## Input for this task
┄┄┄┄┄┄┄┄┄┄┄┄┄┄┄┄┄┄┄┄

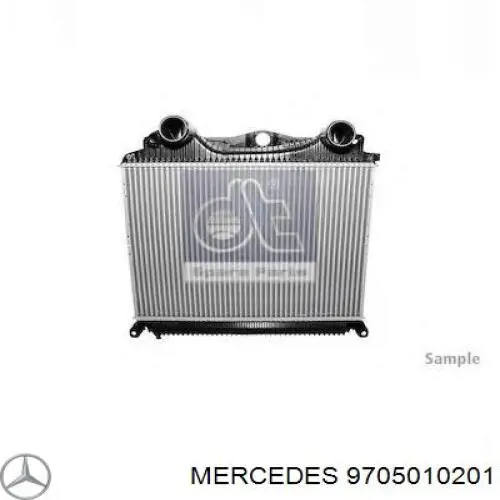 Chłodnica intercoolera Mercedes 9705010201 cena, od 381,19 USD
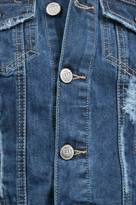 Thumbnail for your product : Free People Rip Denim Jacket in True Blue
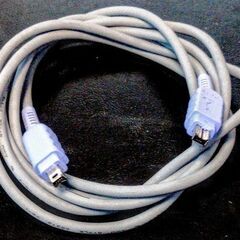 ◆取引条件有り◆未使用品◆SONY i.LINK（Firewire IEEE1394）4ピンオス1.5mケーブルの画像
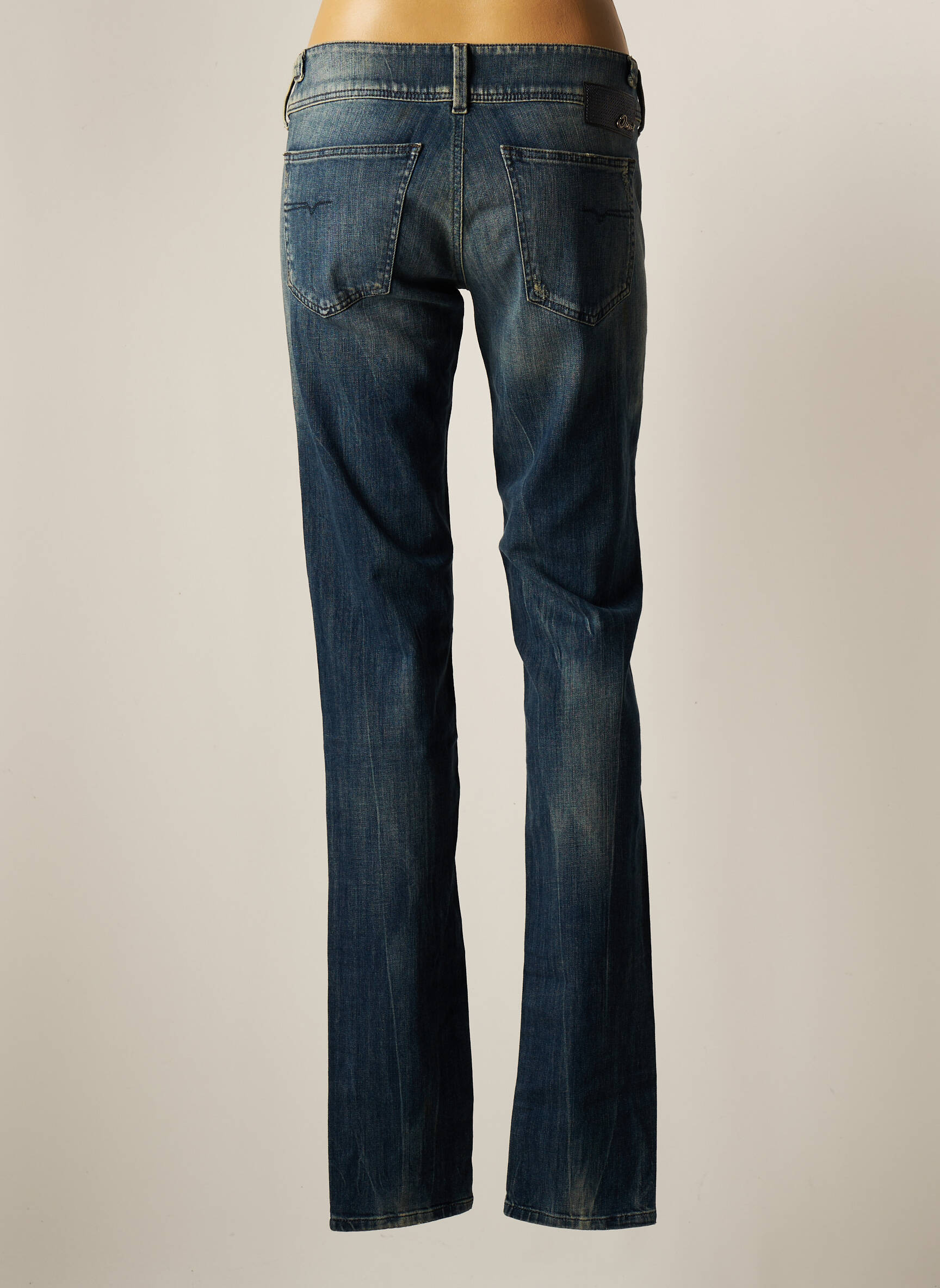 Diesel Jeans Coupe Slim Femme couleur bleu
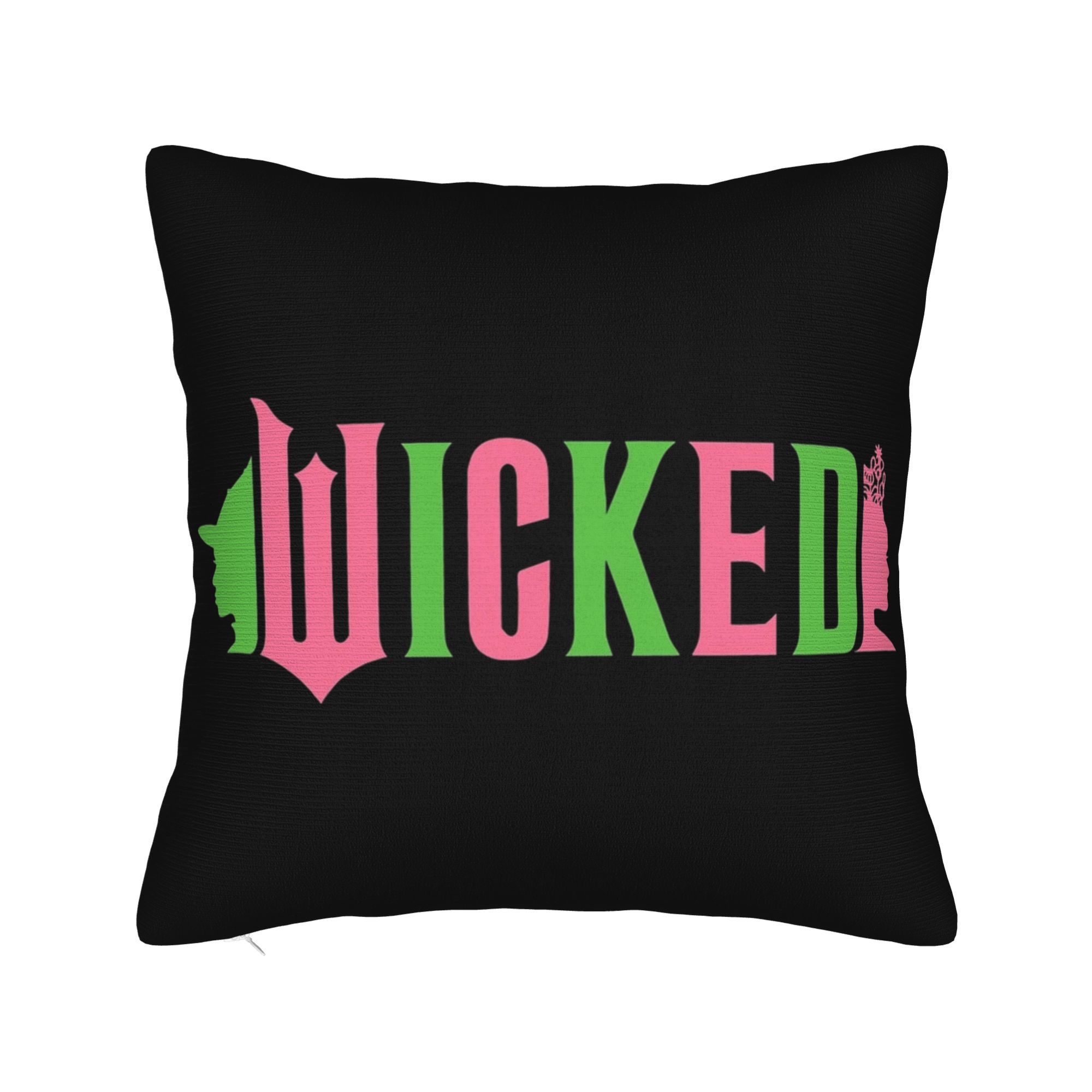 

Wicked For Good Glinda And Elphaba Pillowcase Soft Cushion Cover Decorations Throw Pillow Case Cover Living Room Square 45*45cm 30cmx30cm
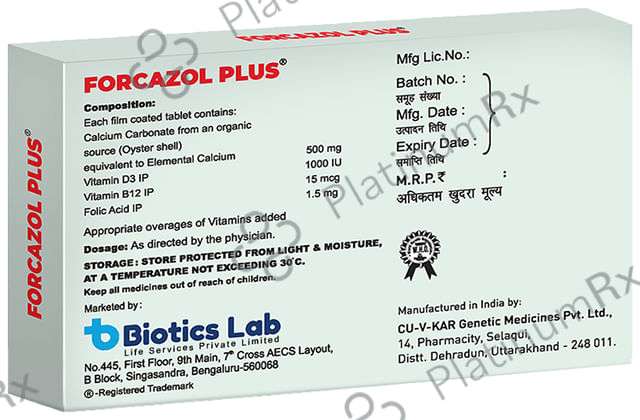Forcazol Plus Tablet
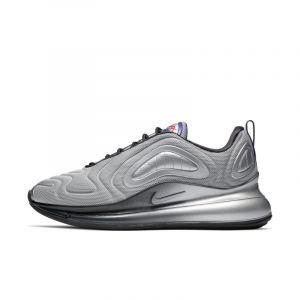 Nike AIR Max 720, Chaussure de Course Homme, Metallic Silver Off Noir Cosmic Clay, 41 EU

┄┄┄┄┄┄┄┄┄┄┄┄┄┄┄┄┄┄┄┄

Would you return the data above exactly as written, minus the images?

 Chłodnica intercoolera Mercedes 9705010201 cena, od 381,19 USD
 Thumbnail for your product : Free People Rip Denim Jacket in True Blue
 ◆取引条件有り◆未使用品◆SONY i.LINK（Firewire IEEE1394）4ピンオス1.5mケーブルの画像
 Diesel Jeans Coupe Slim Femme couleur bleu

Wicked For Good Glinda And Elphaba Pillowcase Soft Cushion Cover Decorations Throw Pillow Case Cover Living Room Square 45*45cm 30cmx30cm
Forcazol Plus Tablet
 Nike AIR Max 720, Chaussure de Course Homme, Metallic Silver Off Noir Cosmic Clay, 41 EU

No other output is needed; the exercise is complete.